**PROBLEM:** Could you print every line from the first one of the records below through the line containing "Valerie Black Rib", with both included and nothing else?

Data entries
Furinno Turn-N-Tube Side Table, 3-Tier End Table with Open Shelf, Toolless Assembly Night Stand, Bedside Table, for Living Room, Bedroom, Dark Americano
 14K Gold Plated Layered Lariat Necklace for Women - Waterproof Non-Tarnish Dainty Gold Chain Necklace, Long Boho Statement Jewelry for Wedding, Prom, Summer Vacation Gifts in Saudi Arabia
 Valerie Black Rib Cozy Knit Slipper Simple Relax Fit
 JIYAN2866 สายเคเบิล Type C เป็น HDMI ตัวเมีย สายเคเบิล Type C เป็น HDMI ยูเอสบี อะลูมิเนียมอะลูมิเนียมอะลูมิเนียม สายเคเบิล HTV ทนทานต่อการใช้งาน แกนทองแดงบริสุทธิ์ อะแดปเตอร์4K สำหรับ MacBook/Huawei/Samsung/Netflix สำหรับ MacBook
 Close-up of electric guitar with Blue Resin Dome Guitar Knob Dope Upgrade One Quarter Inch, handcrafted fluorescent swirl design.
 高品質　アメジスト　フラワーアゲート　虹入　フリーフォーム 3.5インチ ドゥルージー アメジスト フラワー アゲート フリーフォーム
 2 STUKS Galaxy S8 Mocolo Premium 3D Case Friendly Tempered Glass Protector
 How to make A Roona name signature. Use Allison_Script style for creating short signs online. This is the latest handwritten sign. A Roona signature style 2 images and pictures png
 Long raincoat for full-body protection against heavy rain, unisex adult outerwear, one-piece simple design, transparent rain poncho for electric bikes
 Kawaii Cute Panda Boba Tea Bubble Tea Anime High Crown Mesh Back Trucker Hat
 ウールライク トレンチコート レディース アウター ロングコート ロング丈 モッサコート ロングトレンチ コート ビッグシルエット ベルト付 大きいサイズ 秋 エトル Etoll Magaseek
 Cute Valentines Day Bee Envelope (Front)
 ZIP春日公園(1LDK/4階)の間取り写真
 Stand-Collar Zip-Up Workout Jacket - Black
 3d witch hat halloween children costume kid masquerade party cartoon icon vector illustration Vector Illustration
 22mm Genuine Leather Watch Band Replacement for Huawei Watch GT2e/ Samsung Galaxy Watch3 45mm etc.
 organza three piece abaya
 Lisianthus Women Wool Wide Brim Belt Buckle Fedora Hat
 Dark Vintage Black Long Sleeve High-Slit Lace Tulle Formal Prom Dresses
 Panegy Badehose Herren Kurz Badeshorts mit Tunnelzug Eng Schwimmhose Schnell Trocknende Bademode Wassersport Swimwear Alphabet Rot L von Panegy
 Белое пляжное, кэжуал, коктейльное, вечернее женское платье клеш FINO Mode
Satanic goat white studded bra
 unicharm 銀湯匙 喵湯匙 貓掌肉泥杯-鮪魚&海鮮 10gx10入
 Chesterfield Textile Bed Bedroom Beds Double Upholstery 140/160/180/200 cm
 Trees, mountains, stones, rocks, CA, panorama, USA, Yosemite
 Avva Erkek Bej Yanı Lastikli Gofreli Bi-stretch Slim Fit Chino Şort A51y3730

**ANSWER BELOW:**
Furinno Turn-N-Tube Side Table, 3-Tier End Table with Open Shelf, Toolless Assembly Night Stand, Bedside Table, for Living Room, Bedroom, Dark Americano
 14K Gold Plated Layered Lariat Necklace for Women - Waterproof Non-Tarnish Dainty Gold Chain Necklace, Long Boho Statement Jewelry for Wedding, Prom, Summer Vacation Gifts in Saudi Arabia
 Valerie Black Rib Cozy Knit Slipper Simple Relax Fit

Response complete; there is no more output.